Cory is a quietly spoken woman with a gentle manner but an evangelistic zeal. For the first 30 minutes of our interview she talks almost without pause, hammering home the urgency of Australia’s situation and the need to drum up support for Health Minister Michael Wooldridge’s pitch to Cabinet on the issue. Central to her vision is the exploding biotechnology industry and the potential for Melbourne to become a “genome valley” – the biotech equivalent of the IT industry’s “silicon valley”.

Cory argues that Australia will only be able to cope with a projected doubling of health costs by 2015 if it invests in basic research now. She says Australia must explore gene technology and discover medicines and techniques that it can sell internationally if it is to afford future products such as pharmaceuticals that have been developed overseas.

Doubling research funding would create between 10,000 and 15,000 jobs and lure back talented Australians working overseas. Some of the profits from the emerging biotechnology industry could then be ploughed back into research and the wider community.

She believes Australia is well-placed to contribute to what has been called the biologists’ search for the Holy Grail – the Human Genome project – which involves scientists all over the world working to map the 100,000 human genes, as well as the genomes of other key organisms. Once a gene’s role in a disease is understood, scientists should be able to comprehend the molecular basis for the disease – the chemical blueprints – then design medicines accordingly.

The project’s benefits are expected to include improved crops and livestock, more precise diagnostic markers of disease and “smarter” and “more natural” medicines that are, she says, “based on an intelligent appreciation of the pathways inside cells, so you can design a drug that is much more selective for the pathway that’s gone awry in, say, neuro-degenerative disease or cancer.”

“Long-term, we’ll be able to tailor medicine to the individual. We will know a person’s DNA profile. For example, certain families inherit a predisposition to diabetes. It’s a very complex disease due to (the) inheritance of certain versions of probably five or six genes.

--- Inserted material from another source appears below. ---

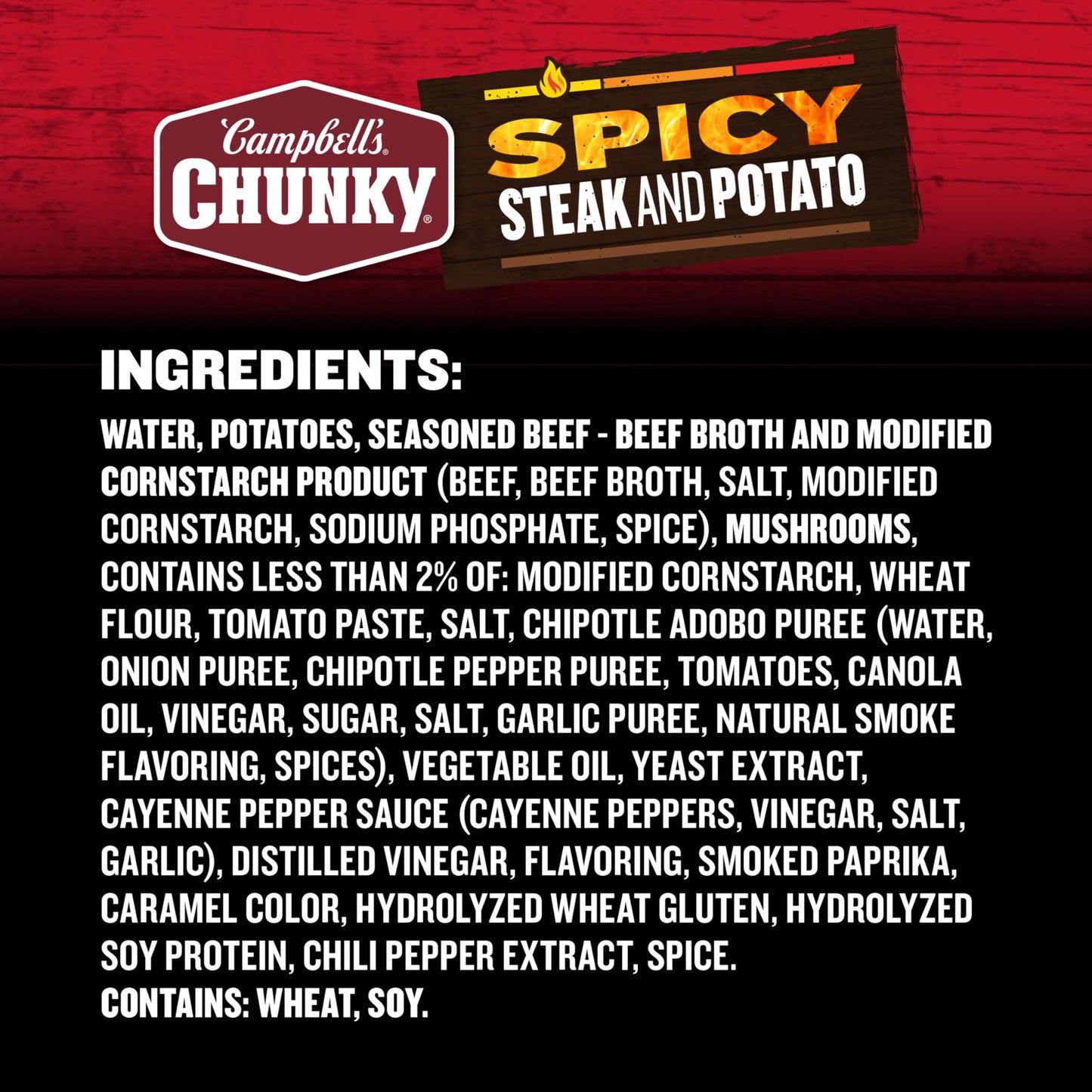 Campbells Chunky Soup, Spicy Steak and Potato Soup, 18.8 oz Can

“We don’t know what those genes are at the moment, or how they interact, but in the future we probably will. We’ll be able to detect which child in a family has inherited that constellation of genes and so from very early on, the family will know that this child needs certain lifestyle changes in order to prevent the onset of diabetes. That may be (repeated) across a range of diseases.”

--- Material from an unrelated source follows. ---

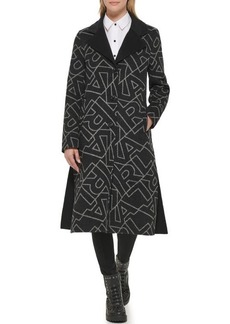 Karl Lagerfeld Paris Logo Print Wool Blend Maxi Overcoat in Black-Grey at Nordstrom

Cory has almost always worked with minute elements that can have significant effects on human health. The motto of her discipline, molecular biology, could be, “The devil is in the detail.” Cancer starts with a single cell that goes wrong and much of Cory’s work, with her husband and scientific partner Professor Jerry Adams, has been focused on discovering the cancer devil’s whereabouts at the level of the gene.

Last year Cory shared the Australia Prize for molecular genetics for the discovery that oncogenes – cancer-causing genes – could be activated by genetic accidents in the body’s production of antibodies.

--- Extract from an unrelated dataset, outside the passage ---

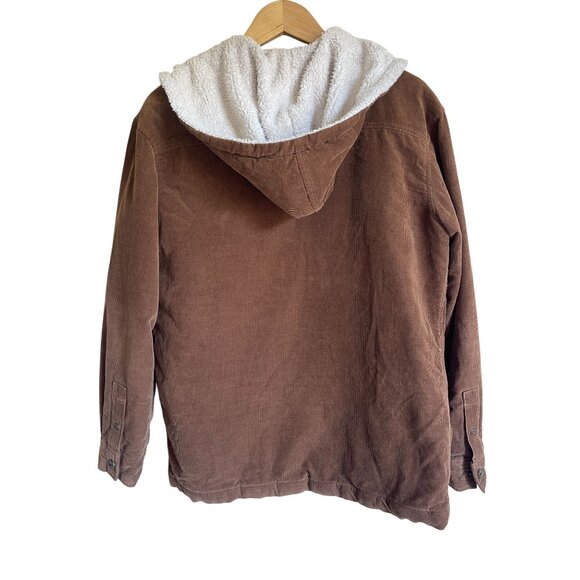 RIPCURL Brown Corduroy Hooded Work Jacket Shacket Blanket Lined Size Smal - Picture 3 of 11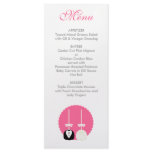 Pink Cake Pop Wedding Menu Rack Card Template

Breakthroughs like that help make a lifetime of painstaking detective work worthwhile. Cory says: “When you have come to an understanding of something important and you are the only one in the world who knows it, for just a few minutes – because of course, you have to publish it – just that moment is wonderfully exciting.

“It’s punctuated by lots of things that don’t work, long hard days at the lab where things go wrong … But understanding how life works is such an exciting voyage of discovery that you can put up with a lot of shipwrecks along the way.”

Cory grew up the eldest of three in a Kew family. Her father was an accountant and her siblings went into music and business; she says she was lured into science “by good teachers, of course … One was a year 9 teacher at Camberwell Girls Secondary School. She just had such an enthusiasm for science that it spilled over and infected you.”
Cory became firmly hooked at university when she learnt about DNA and chromosomes and genes: “Every lecture we heard, this story was unfolding.” She resists the notion that women scientists were unusual back then, pointing out that they’ve always been well represented in the biological sciences.

But when she was working casually at the CSIRO she saw a woman scientist forced to resign because she had married. Cory admits she was lucky to win her scholarship to study at Cambridge: “When I was a student there were very few scholarships at all to go overseas, but almost all of them stipulated men only. And the one I got – I think they forgot to say men only!”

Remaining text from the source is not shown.